■ EXERCISE DIRECTIONS
Give back exactly the lines of the material below that start at the one holding "Aktuelles Katzennahrung Angebot" and end at the last line, minus the pictures.

■ INPUT RECORDS
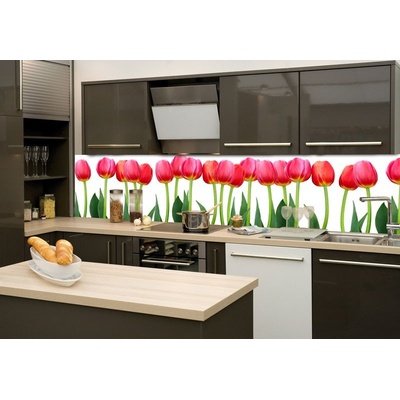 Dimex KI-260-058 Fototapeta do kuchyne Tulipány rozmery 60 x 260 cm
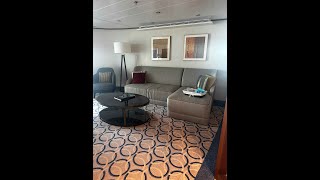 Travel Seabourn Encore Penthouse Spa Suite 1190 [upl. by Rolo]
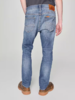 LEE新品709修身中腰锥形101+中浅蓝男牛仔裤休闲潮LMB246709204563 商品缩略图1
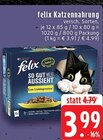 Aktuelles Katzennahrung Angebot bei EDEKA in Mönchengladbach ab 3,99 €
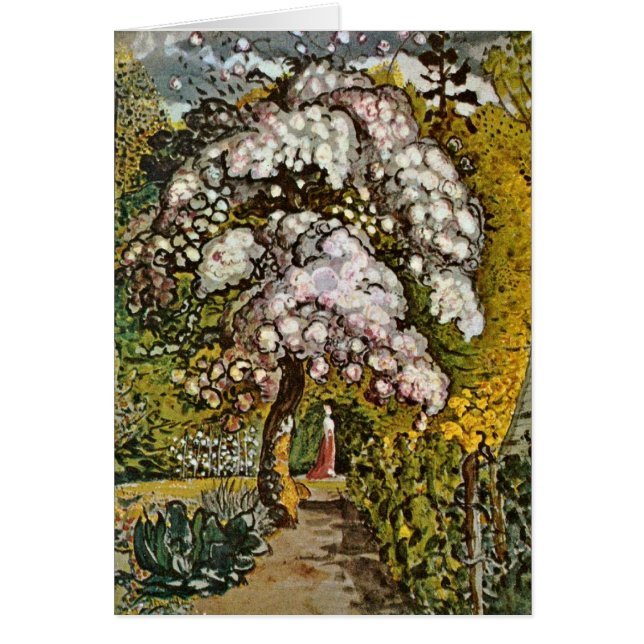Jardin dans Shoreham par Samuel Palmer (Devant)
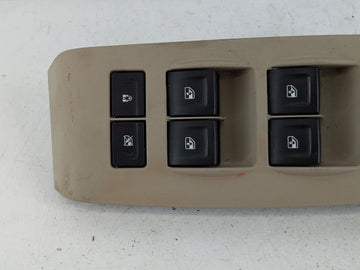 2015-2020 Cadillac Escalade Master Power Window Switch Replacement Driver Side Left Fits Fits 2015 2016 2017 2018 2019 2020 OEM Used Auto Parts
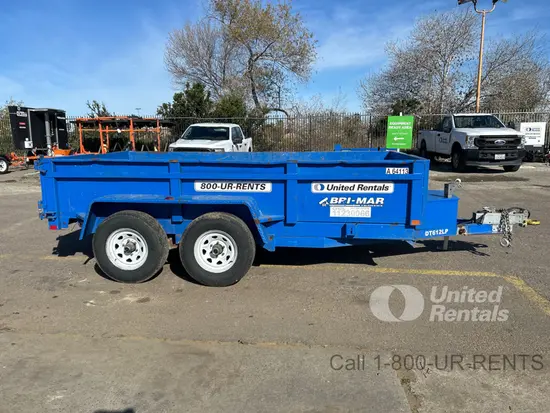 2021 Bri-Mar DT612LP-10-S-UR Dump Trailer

■ WRITTEN RESPONSE
 Aktuelles Katzennahrung Angebot bei EDEKA in Mönchengladbach ab 3,99 €
Jardin dans Shoreham par Samuel Palmer (Devant)
 2015-2020 Cadillac Escalade Master Power Window Switch Replacement Driver Side Left Fits Fits 2015 2016 2017 2018 2019 2020 OEM Used Auto Parts
 2021 Bri-Mar DT612LP-10-S-UR Dump Trailer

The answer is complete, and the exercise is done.